The Emperor’s new clothes: when the lights go out
Adults are amused by young children when they are asked “Where does milk come from?” They will often say Waitrose or Tesco.
However, I am not sure that adults are much more sophisticated when they come to answer the question “Where does electricity come from?”
Electricity just seems to be there, like the air we breathe and not thought about at all, unless there is a power cut.
A power cut, locally, of a few hours is a news item and one lasting a day or more, anywhere, will hit the national news.
Hours spent in darkness are miserable, heating and cooking immediately stop, working and shops grind to a halt without their electronic systems. Phones and computer systems soon stop working and quite quickly the internet goes down. Phones and electronic devices can no longer be recharged and, more importantly, water and sewage pumps immediately stop working.

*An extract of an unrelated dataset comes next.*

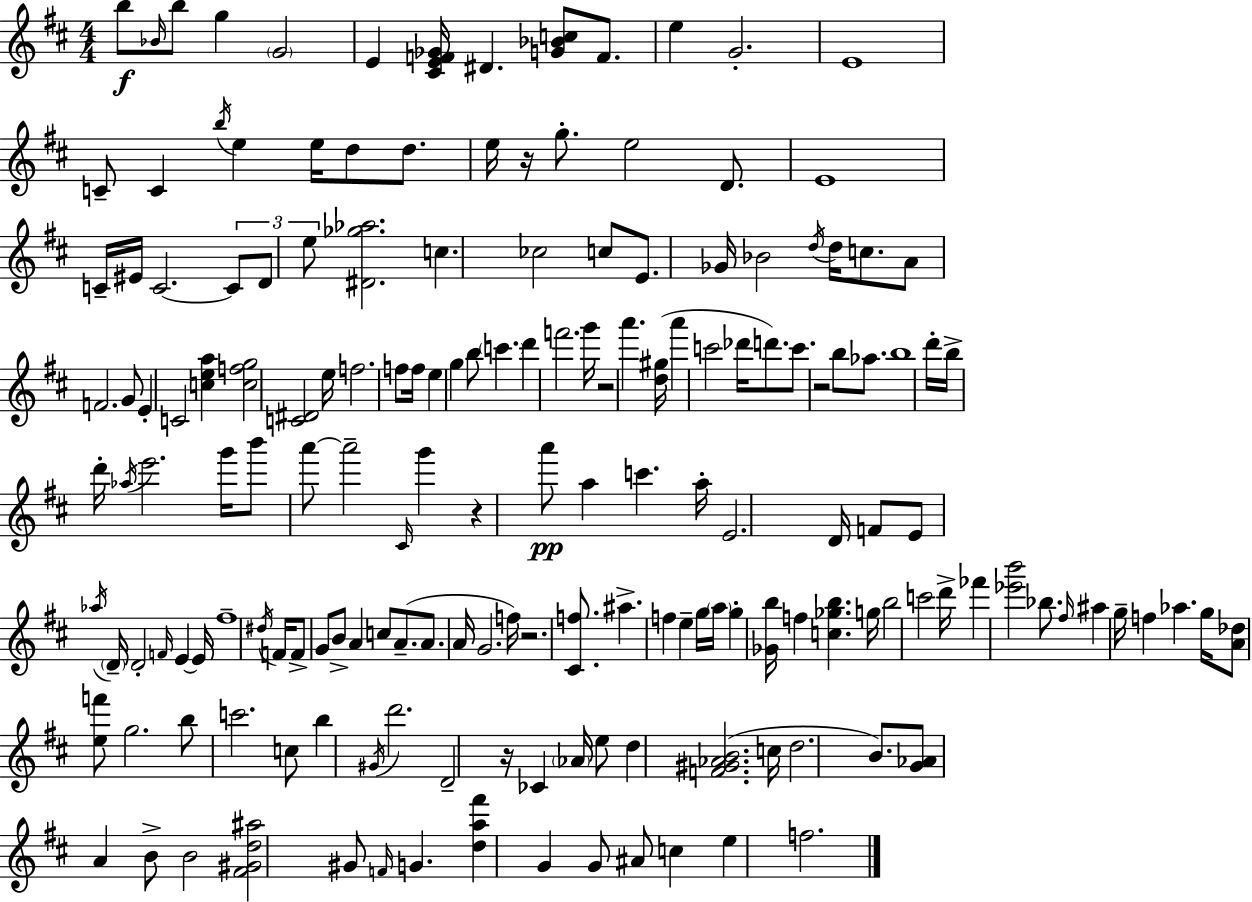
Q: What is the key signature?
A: D major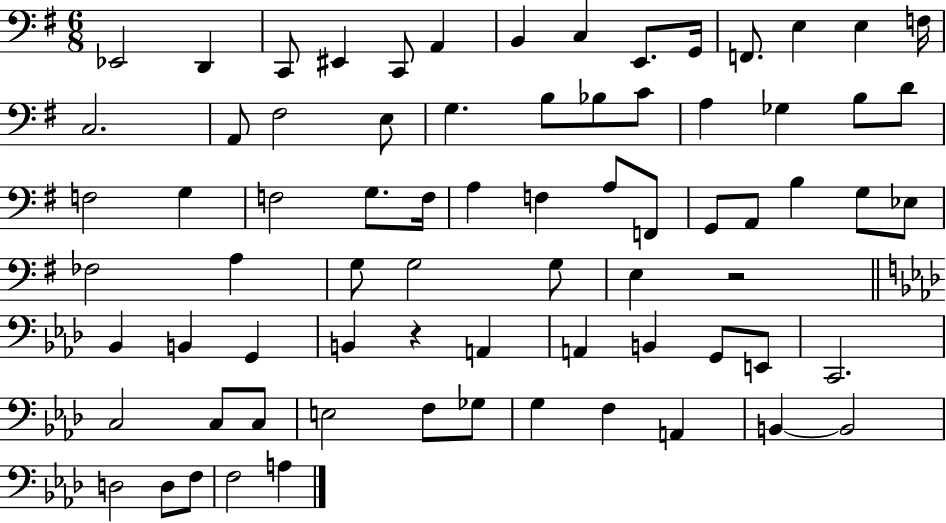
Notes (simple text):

Eb2/h D2/q C2/e EIS2/q C2/e A2/q B2/q C3/q E2/e. G2/s F2/e. E3/q E3/q F3/s C3/h. A2/e F#3/h E3/e G3/q. B3/e Bb3/e C4/e A3/q Gb3/q B3/e D4/e F3/h G3/q F3/h G3/e. F3/s A3/q F3/q A3/e F2/e G2/e A2/e B3/q G3/e Eb3/e FES3/h A3/q G3/e G3/h G3/e E3/q R/h Bb2/q B2/q G2/q B2/q R/q A2/q A2/q B2/q G2/e E2/e C2/h. C3/h C3/e C3/e E3/h F3/e Gb3/e G3/q F3/q A2/q B2/q B2/h D3/h D3/e F3/e F3/h A3/q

We would have anarchy within a few days if the electricity supply failed.
I was therefore surprised to discover in talking about this in a discussion group that nobody had heard of the National Electricity Grid and only a few understood the fact that electricity generation has to precisely match consumption at every moment of time.
Electricity generation involves CO2 emissions and has been targeted for reductions by Ed Milliband’s Climate Change Act of 2008. This Act was in response to an EU Directive when the UK responded in a unilateral fashion, by enacting in law, reductions in CO2 emissions.

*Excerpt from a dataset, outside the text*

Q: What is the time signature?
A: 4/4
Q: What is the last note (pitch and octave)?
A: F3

Other EU countries ignored the Directive to the extent that Germany, Holland and Italy are all building new coal fired power stations while we are closing ours.
The huge subsidies given to renewables such as wind and solar mean that the UK has the most expensive electricity in Europe. This is having the effect of closing down our heavy industry as the recent crisis with steel is showing. Our aluminium smelters have already moved overseas with the loss of thousands of jobs.
The intermittent nature of wind and solar means there have to be back-up systems. Some of these back-up systems are parks full of diesel generators (no saving of CO2 there!). More efficient are gas-fired power stations, but the most efficient combined cycle gas turbines are not so flexible.
What is depressing is not so much the lack of knowledge of these technical matters among the general public, but the lack of expertise apparent at the highest level of government.